Scott Barboza/ESPN Boston

Jon Morris tried on his red Patriots Hall of Fame jacket on Thursday.

"I’m tremendously overwhelmed because I was nominated several times and didn’t win through the fans' vote," Morris said Thursday while appearing at the Patriots Hall of Fame in advance of Saturday's induction. "I really never thought there was much chance I would win through the fans' vote -- since most of the fans that are voting were not born when I played. So when the senior committee came along, it just caught me by surprise. I had given up hope, I really had. I was very, very disappointed that I would never make it, but all of a sudden I get this phone call."

It's not hard to see how much the honor means to Morris, particularly as he tried on the red Patriots Hall of Fame blazer on Thursday. He was supposed to take it right back off for final alterations; Instead, he wore it through the entire media interview, as if unwilling to give it back even for a moment. When the topic turns to his favorite memories with the Patriots, he immediately puts Saturday's impending induction near the top.

"[The induction] is one of them, I promise you that," said Morris, who joins quarterback Drew Bledsoe in this year's Hall of Fame class. "I played on some teams that didn't produce a lot of memories back in my day with the Patriots."

But he did highlight one other moment for his playing days: A December 1996 issue of Sports Illustrated that featured Patriots running back Jim Nance on the cover (even though it's just him and a bunch of Bills defenders; no offensive linemen in sight).

"Jim Nance led the league in rushing before the merger," Morris explained. "That game against Buffalo, he ran for 110 yards and his picture was on the cover of Sports Illustrated that next week. That, to us, was a huge deal because we were the Patriots -- everyone was making fun of us because we were the AFL and everybody was saying we were not as good as the NFL. Then there’s Jim Nance on the cover of Sorts Illustrated; It was just very special."

Morris was a star in his own right. The franchise's very first All-Pro player, Morris earned seven Pro Bowl honors from 1964-1970. He played 11 seasons for Boston/New England before closing out his career with Chicago and Detroit. He jokes now about how Andre Tippett wearing his No. 56 and said he told Tippett to call him whenever "their number" got retired (Tippett was enshrined in the NFL Hall of Fame in 2008).

The Patriots could use someone like Morris now with starting center Dan Koppen sidelined by a broken ankle suffered during a Week 1 win over the Dolphins.
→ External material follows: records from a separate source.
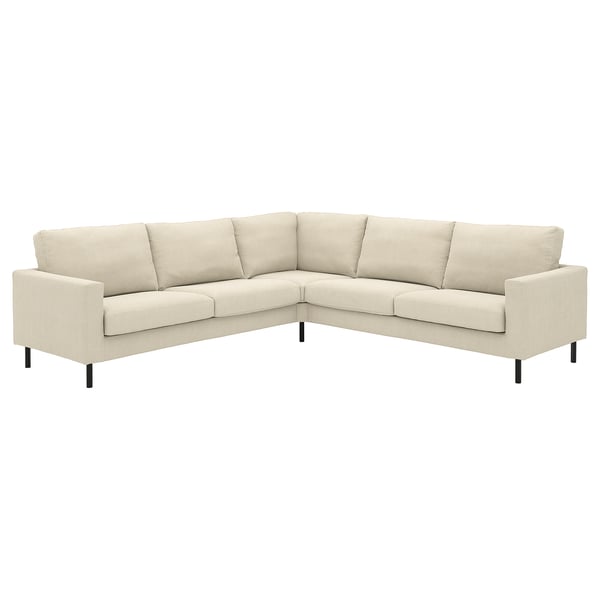 SALTSJÖBADEN Corner sofa, 4-seat, Fridtuna light beige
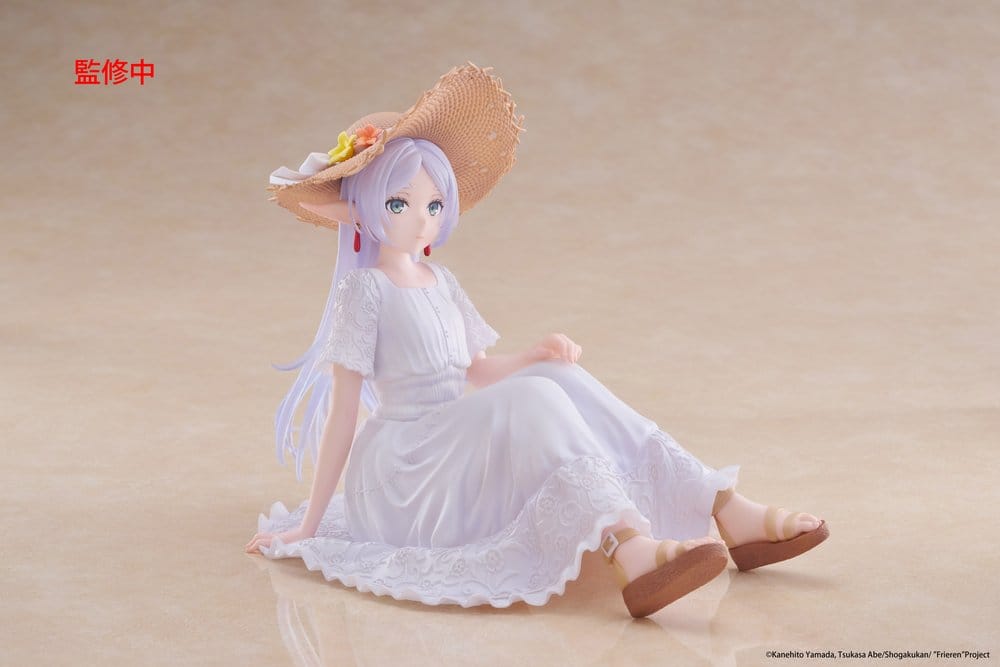 PREORDINE+ 07/2026 Frieren: Beyond Journey's End PVC Statue Desktop Cute Figure Frieren Summer Dress Ver. 13 cm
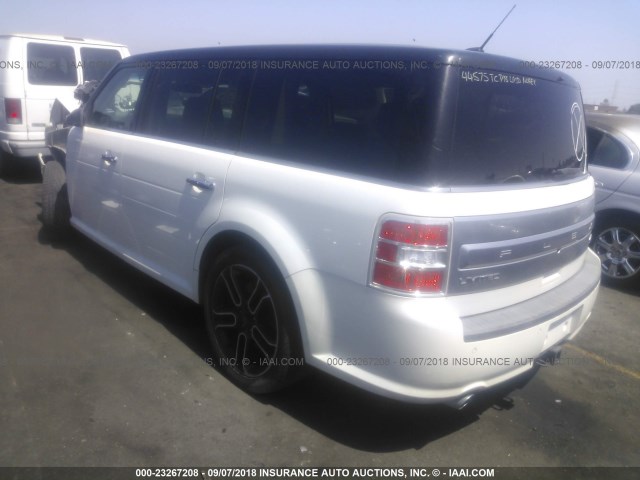 2FMGK5D81DBD23687 - 2013 FORD FLEX LIMITED WHITE photo 3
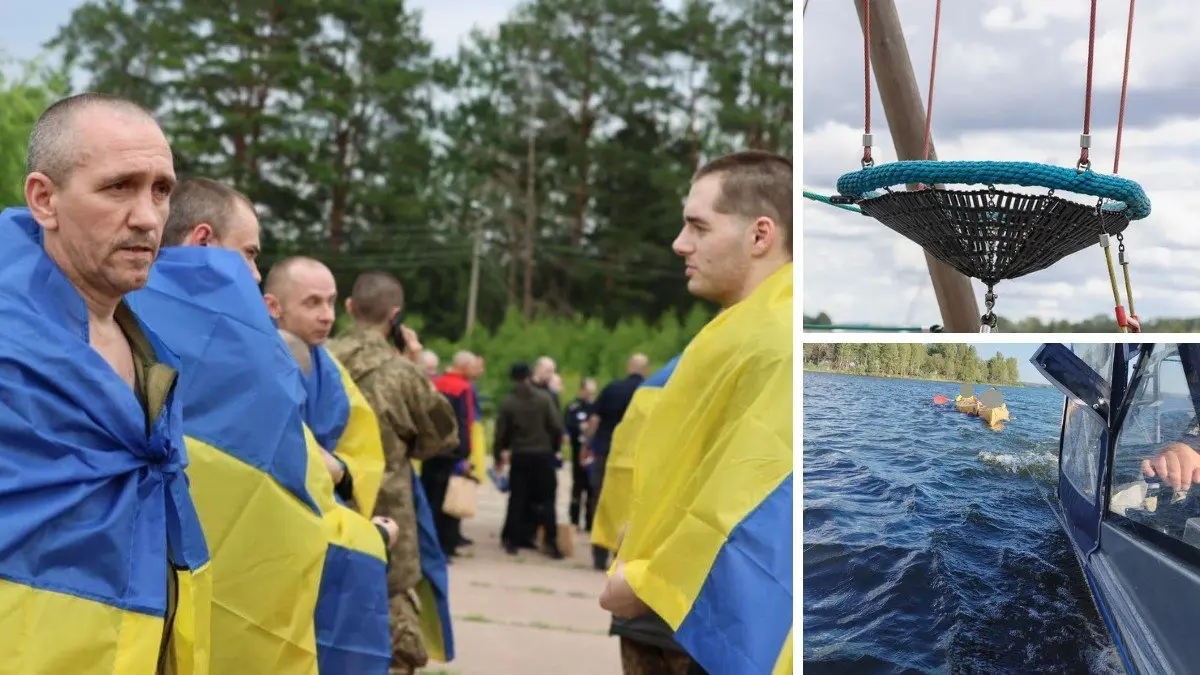 Повернення воїнів з полону, відновлення дитячого майданчика та врятовані жінка з дітьми: топ добрих новин тижня
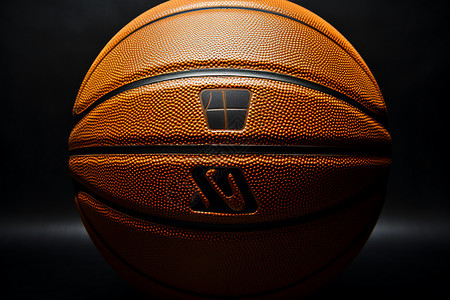 质感背景黑黑暗中的篮球背景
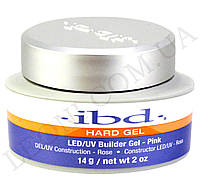 Конструирующий прозрачно-розовый гель IBD LED/UV Builder Gel Pink (14 г)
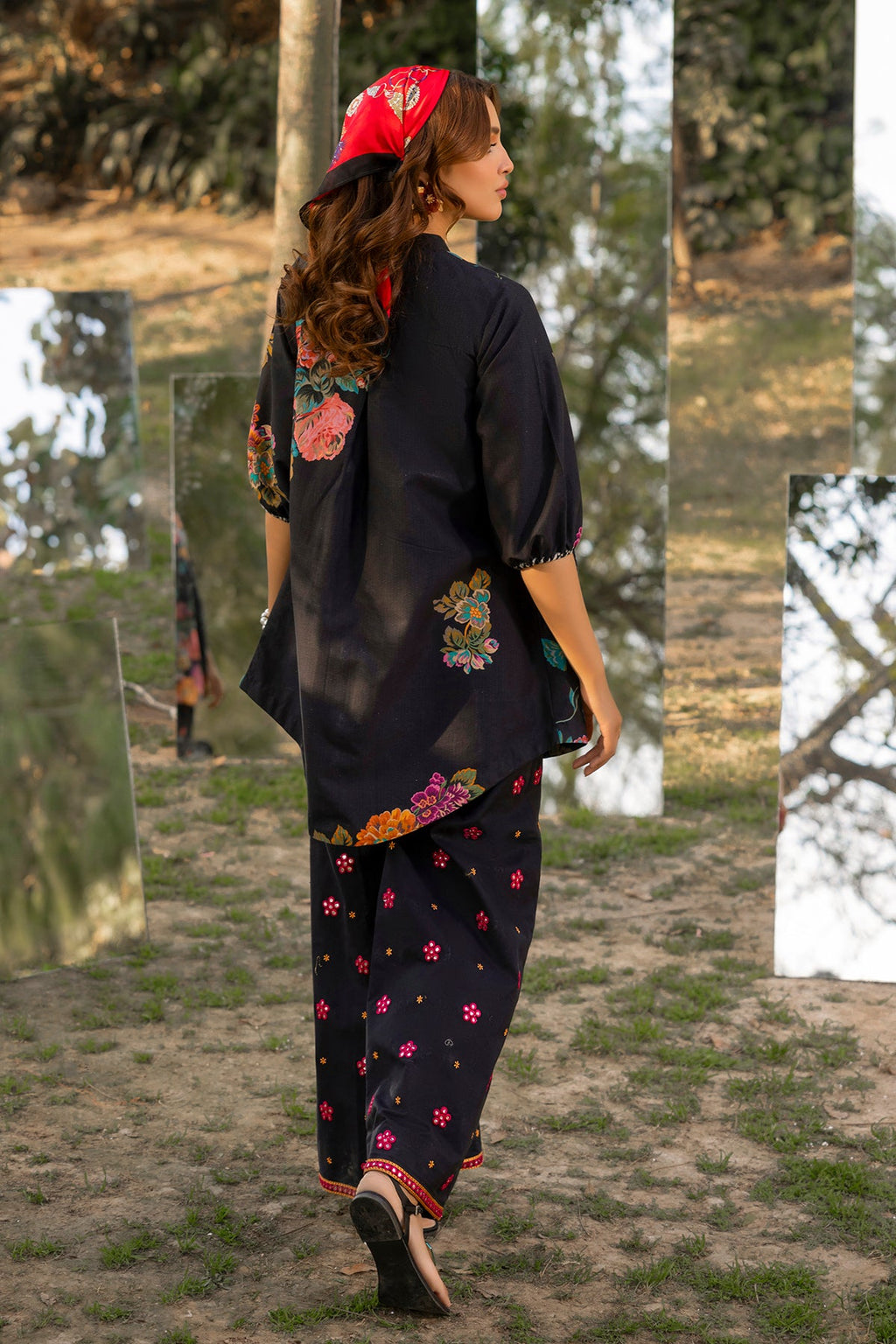 2-PC Embroidered Cotton Suit CNP-5-06Z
Morris was watching the national broadcast from his home in South Carolina and lamented the injury, noting he suffered a similar one that essentially ended his playing career in New England.

Asked if players today are different from his era, he immediately agrees.

"It is a different game," he said. "I didn’t play against too many guys that weighted as much as Albert Haynesworth weighs... I was considered one of the biggest centers in the league at 255 pounds. I might be a strong safety today, except I'm slow."

Today, speed notwithstanding, he's a Hall of Famer and Morris is humbled to be back in Foxborough.

"[The Kraft family] really made me feel like a part of the organization and I still feel that way, and I don’t even live here," said Morris. "It's just wonderful what they've done. You can see the results of it -- three Super Bowl rings don't happen by chance. You see it starts at the top."